● WHAT THIS TASK INVOLVES
Write out, word for word, every line in the data below from the one containing "means Linen Backed." to the one containing "Fototapeta Cozy Knitted", both of them included.

● RECORDS TO USE
=== Begin Enclosure ===

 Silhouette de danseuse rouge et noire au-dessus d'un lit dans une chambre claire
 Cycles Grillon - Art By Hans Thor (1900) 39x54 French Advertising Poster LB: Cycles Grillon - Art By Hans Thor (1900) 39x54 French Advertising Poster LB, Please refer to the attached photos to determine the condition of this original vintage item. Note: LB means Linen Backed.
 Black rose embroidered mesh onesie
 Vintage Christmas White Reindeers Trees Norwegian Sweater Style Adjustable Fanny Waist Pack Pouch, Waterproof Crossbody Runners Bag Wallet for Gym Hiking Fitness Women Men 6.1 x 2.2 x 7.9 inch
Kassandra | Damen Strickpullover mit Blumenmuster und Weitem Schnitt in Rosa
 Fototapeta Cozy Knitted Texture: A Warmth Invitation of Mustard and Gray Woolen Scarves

=== End Enclosure ===
=== Begin Enclosure ===

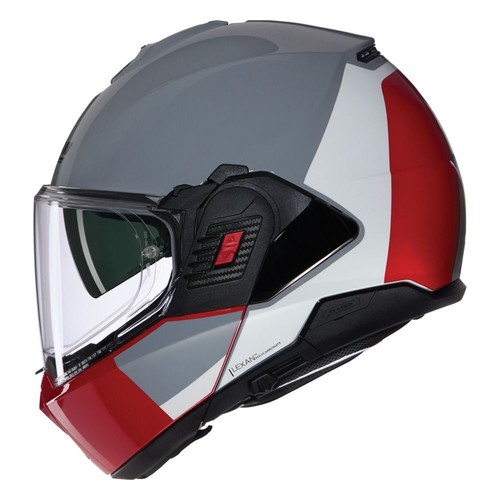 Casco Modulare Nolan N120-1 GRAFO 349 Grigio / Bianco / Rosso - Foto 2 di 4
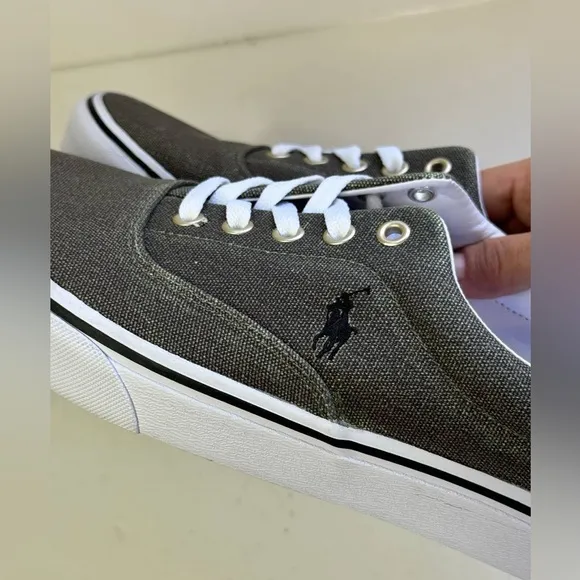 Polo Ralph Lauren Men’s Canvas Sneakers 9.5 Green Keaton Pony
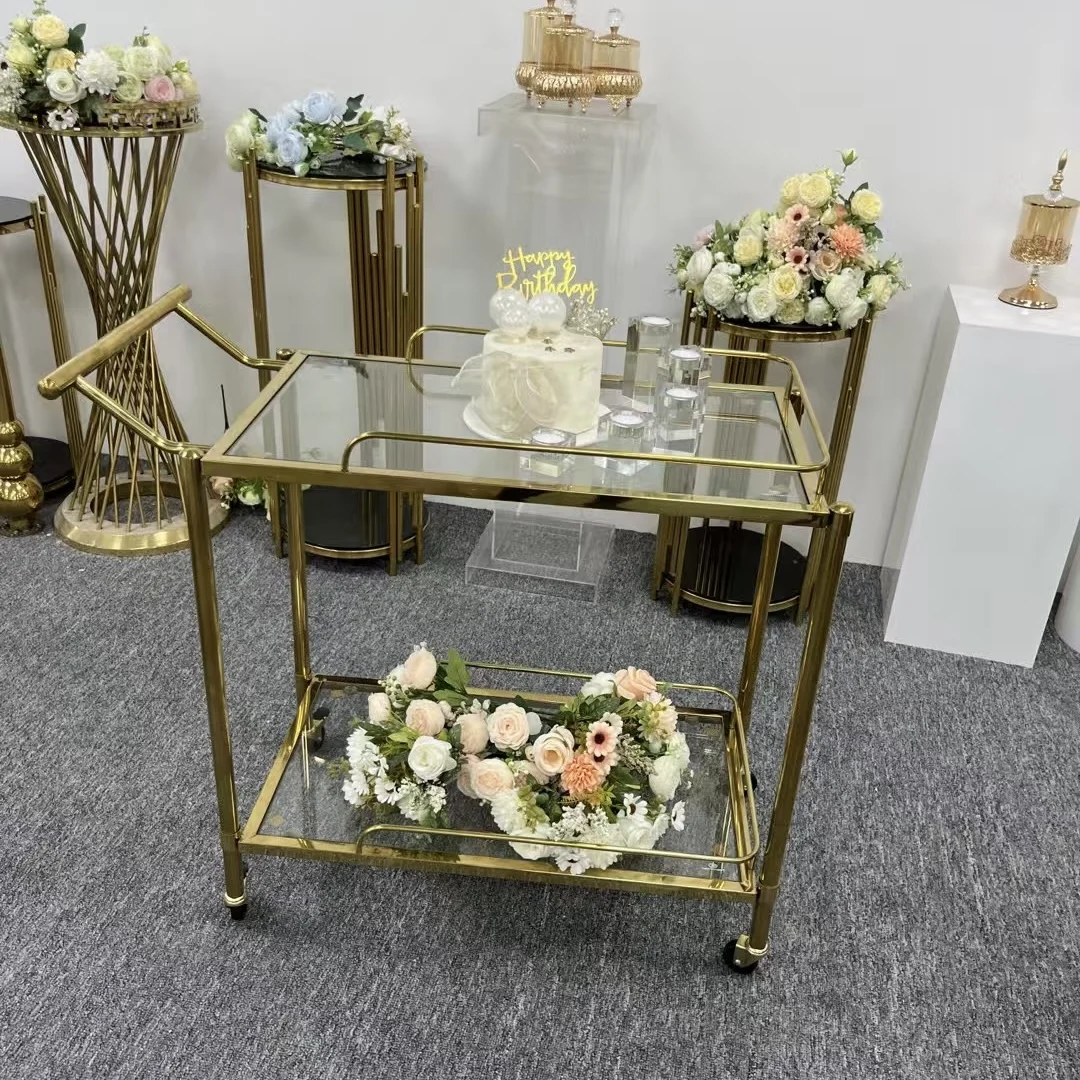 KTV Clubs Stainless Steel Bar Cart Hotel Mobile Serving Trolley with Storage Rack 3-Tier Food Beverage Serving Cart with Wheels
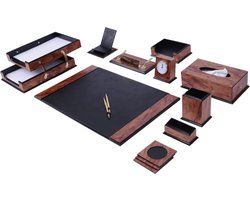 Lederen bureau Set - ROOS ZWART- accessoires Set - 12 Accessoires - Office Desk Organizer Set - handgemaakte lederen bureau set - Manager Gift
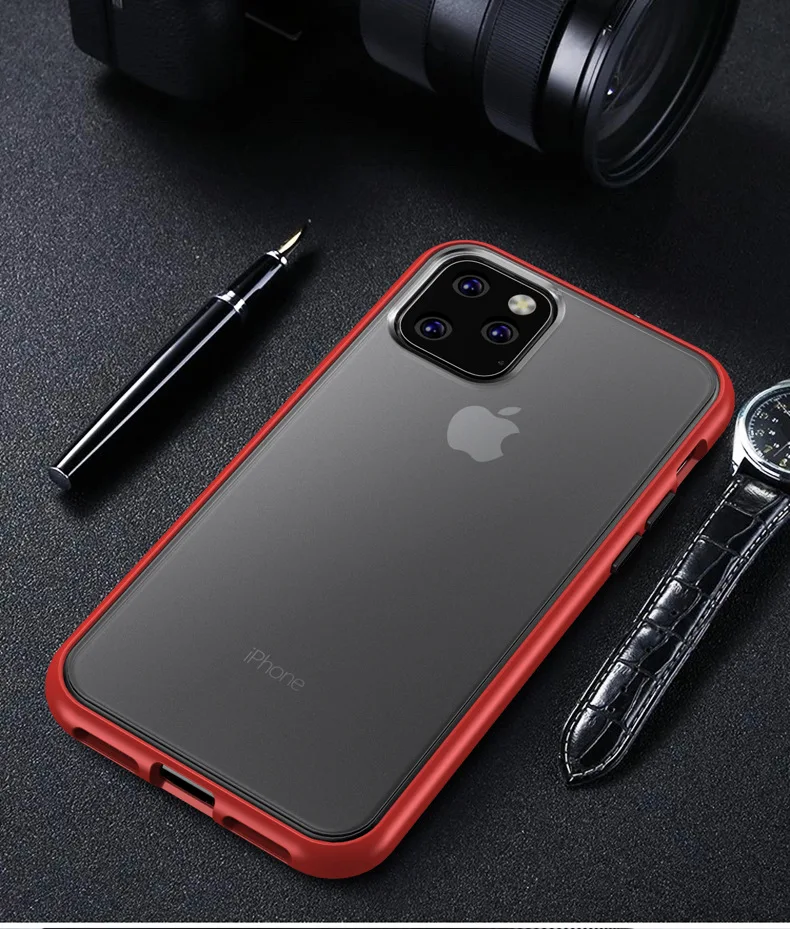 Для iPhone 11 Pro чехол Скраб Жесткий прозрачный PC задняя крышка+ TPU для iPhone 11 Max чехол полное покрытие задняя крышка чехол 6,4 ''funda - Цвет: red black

=== End Enclosure ===
=== Begin Enclosure ===

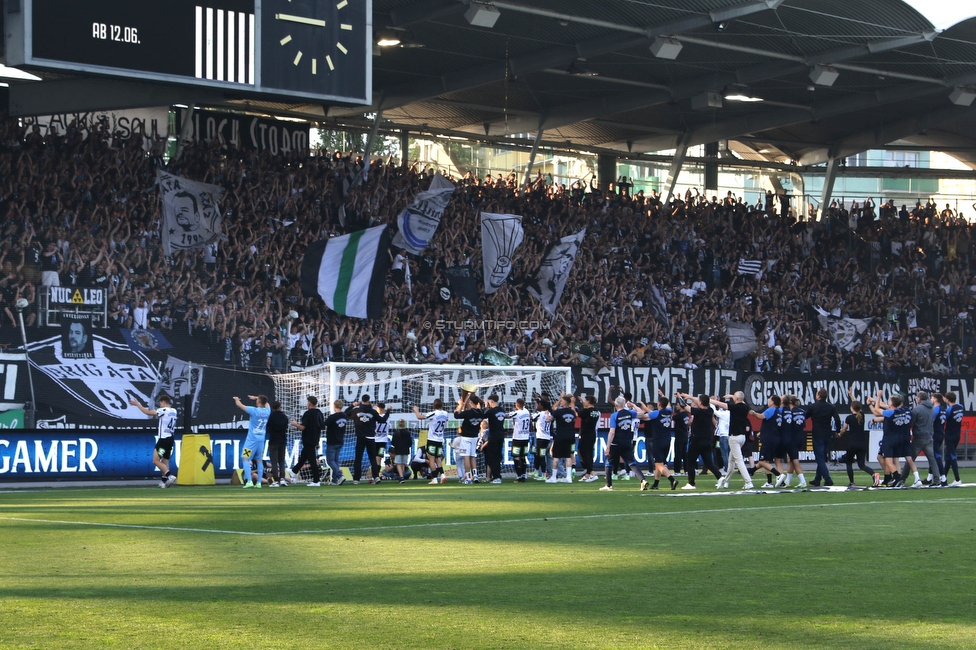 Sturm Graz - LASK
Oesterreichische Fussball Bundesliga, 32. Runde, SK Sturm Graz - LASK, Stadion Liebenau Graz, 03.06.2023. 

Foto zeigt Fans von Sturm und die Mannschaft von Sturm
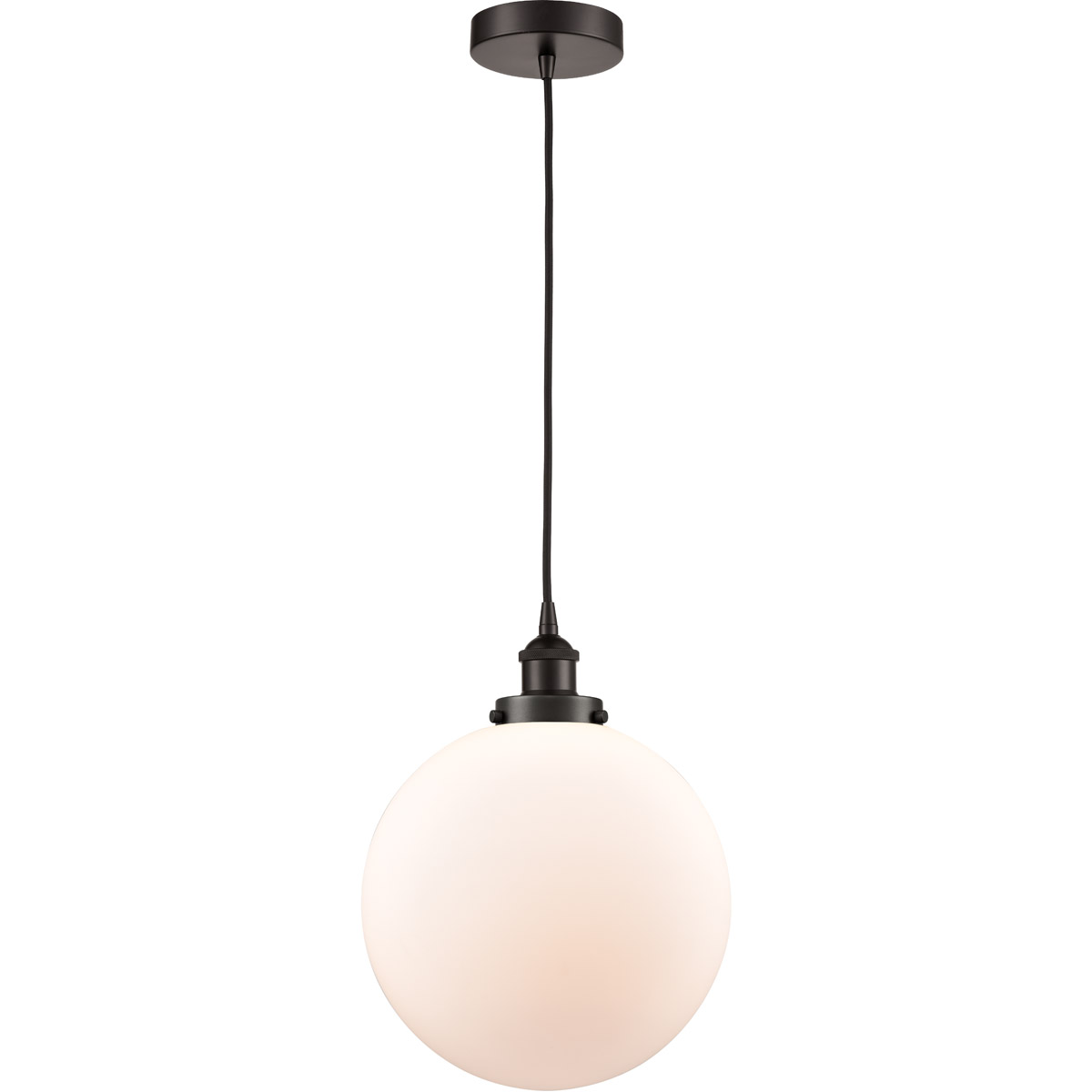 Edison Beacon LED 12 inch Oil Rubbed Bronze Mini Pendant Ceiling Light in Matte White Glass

=== End Enclosure ===

● EXERCISE OUTPUT
 Cycles Grillon - Art By Hans Thor (1900) 39x54 French Advertising Poster LB: Cycles Grillon - Art By Hans Thor (1900) 39x54 French Advertising Poster LB, Please refer to the attached photos to determine the condition of this original vintage item. Note: LB means Linen Backed.
 Black rose embroidered mesh onesie
 Vintage Christmas White Reindeers Trees Norwegian Sweater Style Adjustable Fanny Waist Pack Pouch, Waterproof Crossbody Runners Bag Wallet for Gym Hiking Fitness Women Men 6.1 x 2.2 x 7.9 inch
Kassandra | Damen Strickpullover mit Blumenmuster und Weitem Schnitt in Rosa
 Fototapeta Cozy Knitted Texture: A Warmth Invitation of Mustard and Gray Woolen Scarves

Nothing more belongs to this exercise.